His comments quickly spread across online AI communities, where they reignited a debate that has been quietly growing: is AI experiencing a genuine technological revolution, or is it riding an unsustainable investment bubble?

Rather than questioning whether large language models are technically impressive, Zitron focused on something more fundamental: the unit economics.

According to him, companies developing frontier AI models continue spending extraordinary amounts on chips, data centres, electricity, and talent while struggling to demonstrate a path toward sustainable profitability.
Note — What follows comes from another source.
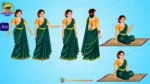 Indian Marathi Style Lady in Green Saree - 2D Character Poses for Adobe Animate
Subscription revenue and enterprise contracts, he argued, are not keeping pace with the capital required to build increasingly larger models.

He also suggested that AI leaders have entered an era where genuinely new hypergrowth markets are becoming harder to find.
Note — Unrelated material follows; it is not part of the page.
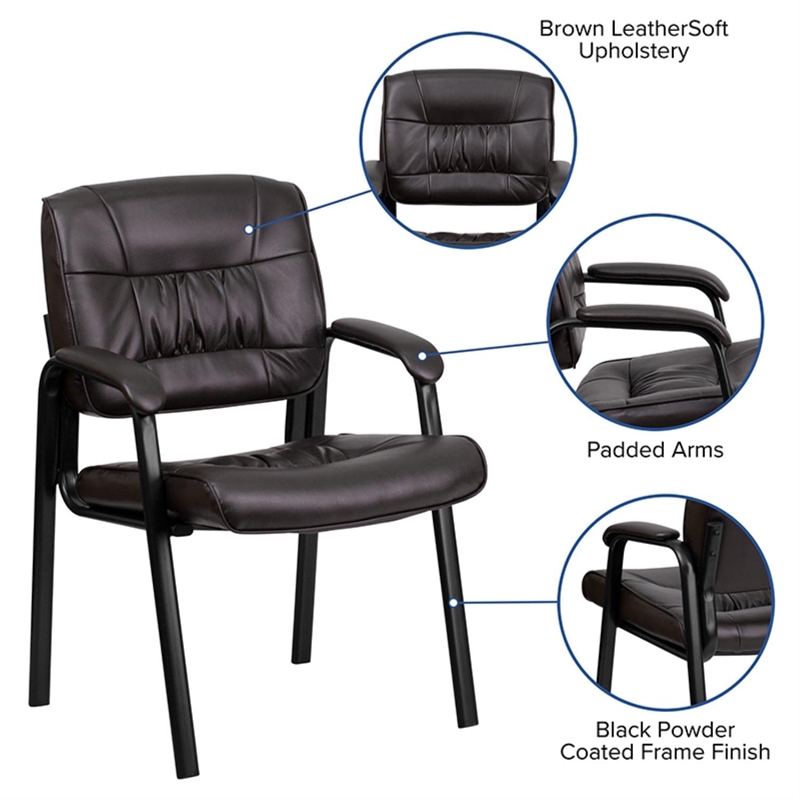 Scranton & Co Leather Guest Chair with Black Frame in Brown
In earlier decades, organizations could simply point to smartphones, cloud computing or social media as transformational growth engines. Currently, Zitron argues, AI has become the industry’s latest attempt to convince investors that another trillion-dollar opportunity is there even if commercial demand is yet to justify the spending.

Zitron’s Claims Trigger a Storm Across Social Media

Social media flooded with diverging views, with Zitron’s supporters on Reddit praising him for raising financial questions into a longstanding debate that revolves around benchmark scores and model capabilities. Many Reddit users also noted that skepticism about AI economics shouldn’t be confused with skepticism about AI technology itself.

One sentiment kept resurfacing throughout the discussion: AI can be genuinely useful while still being overpriced or massively overvalued as an investment.

Meanwhile, critics of Zitron argued that history rarely rewards people who dismiss transformative technologies too early.

They highlighted that cloud computing, smartphones, and the internet went through years of heavy spending before becoming profitable businesses. Taking this trend into consideration, today’s AI infrastructure investments could likely represent the early stages of a platform shift rather than evidence of a major AI bubble.

Note that while today’s AI models remain imperfect, their capabilities continue to improve rapidly. Historically, revolutionary technologies can coexist with investment bubbles. For instance, the dot-com bubble produced failures as well as some of the world’s most valuable companies. A similar outcome cannot be completely downplayed for artificial intelligence.

Zitron argued that many companies are caught in a costly race where each successive generation of AI models requires more computing power and higher investments simply to remain competitive. Overall, he believes that dynamic risks are creating an environment in which capex grows much faster than sustainable profits.